The question is: is there a way to see what you don’t know that you don’t know? The answer is: yes… other people’s blind spots are different from yours.
And then some people specialize in that area…
Malcolm Gladwell is the guy who you want to look at for many of the “We didn’t know that we didn’t know” cultural blind spots.
We as individuals, and we as society, live life with blinders on, and we don’t know it. We want more knowledge, but we are looking at the wrong place.
Someone needs to have an extraordinary background, and the idea that most things we need to know are in the area of ((the pie chart of what is knowable,)) DKDK, the biggest slice that could be known, what we don’t know that we don’t know.
We, culturally, live our whole life inside the I know that I know and I know that I don’t know, and then ask questions from there, and go to school to move stuff into I know that I know category.
In the meantime life doesn’t make sense, life has no meaning, our lives, our relationships, our societies, our science don’t work… because the answers to the questions we didn’t ask are left for extraordinary men like Malcolm Gladwell, Werner Erhard, and humble me.
But the internet, and courses, and books are full of the things we know, and even if there are things touched on: it takes someone with flexibility to be willing to go there, to follow the “things” down the rabbit hole… and see where it goes.
I had to abandon memory, and knowledge, and mind, to be able to do it. When I am on a call, oftentimes I don’t remember words.
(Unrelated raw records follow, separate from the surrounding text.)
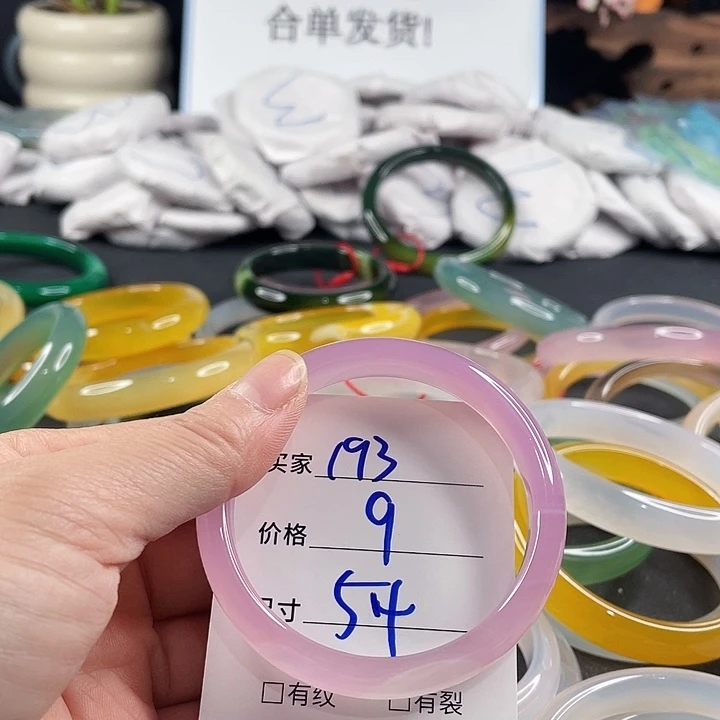 玛瑙/玉髓未镶嵌手镯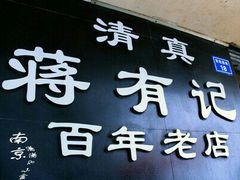 -清真蒋有记(老门东店)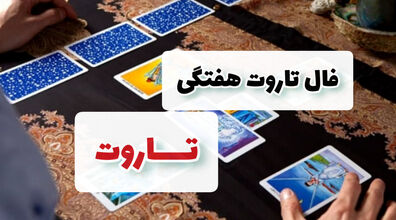 فال تاروت هفتگی | از شنبه، 7 بهمن تا شنبه، 14 بهمن 1402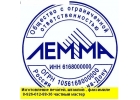 Восстановить печать по оттиску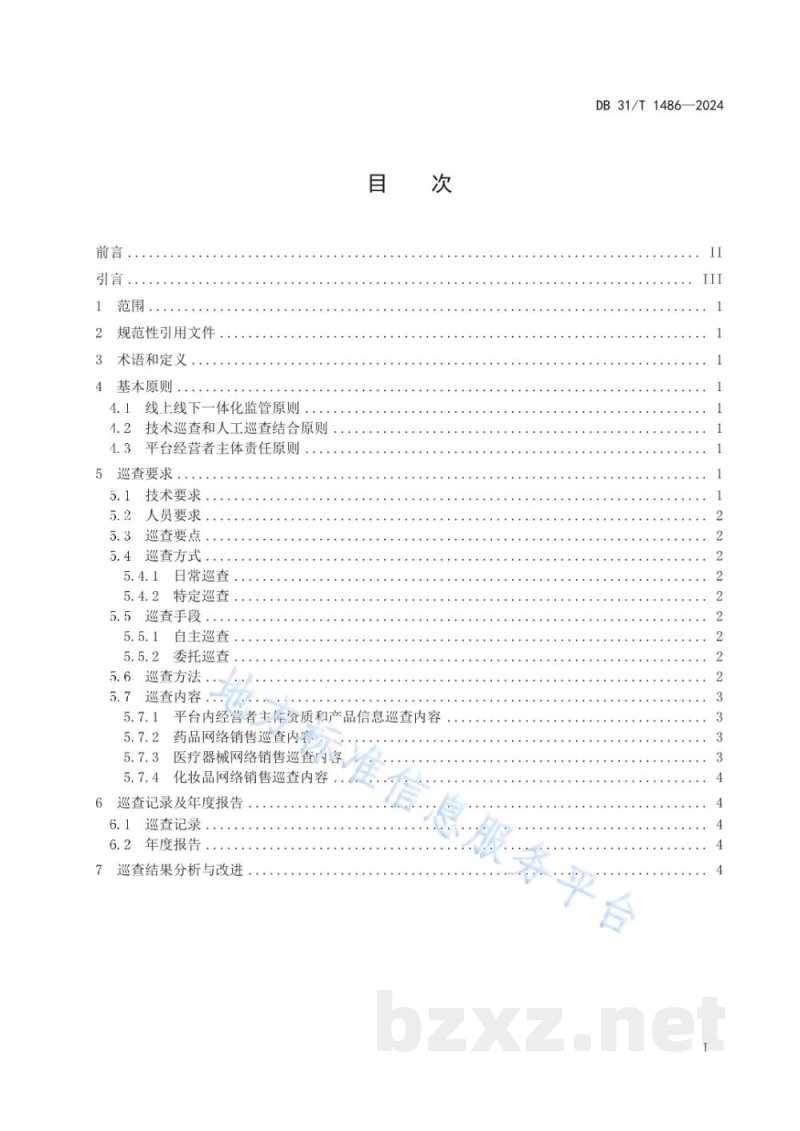 DB31/T 1486-2024药品领域网络交易平台销售巡查规范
Same when I write.
I need to put all of myself into the “I don’t know that I don’t know” and look from there. No knowledge… see what I see.
Oftentimes I have no concept to wrap around what I see, and I file it away: I have no idea what I saw. But without explanation or words, these disappear.
And oftentimes, after I read a book, utterly fascinated, I don’t know what to do with it… Malcolm Gladwell’s Outliers is such: I am deeply impressed, but it’s so far from what you know you know and what you know that you don’t know, that bridging it has been taking me time… and no bridge yet.
I am also reading “Blink” from Gladwell… and this is my hunch that is happening: unless I categorize people with an easy method, I am going to continue trying to cater to people who won’t do anything they get from me.
Oh, I guess you didn’t know. Most people, even when they pay me, do nothing with what I give them…
So, I am thinking that a very simple, maybe simplistic way to decide, is this: do they read the book I recommend? Do they find the time to read the Outliers, or not?
So far one person indicated that he is reading it, and I am very happy about that. That’s it.
There are 37 people who shelled out a whole sum of three dollars to have access to all the subscribers area items, a total value of a few thousand dollars. The rest of you… not interested. Very telling.
If you buy stuff from me, but you piss on my leg… what is our relationship?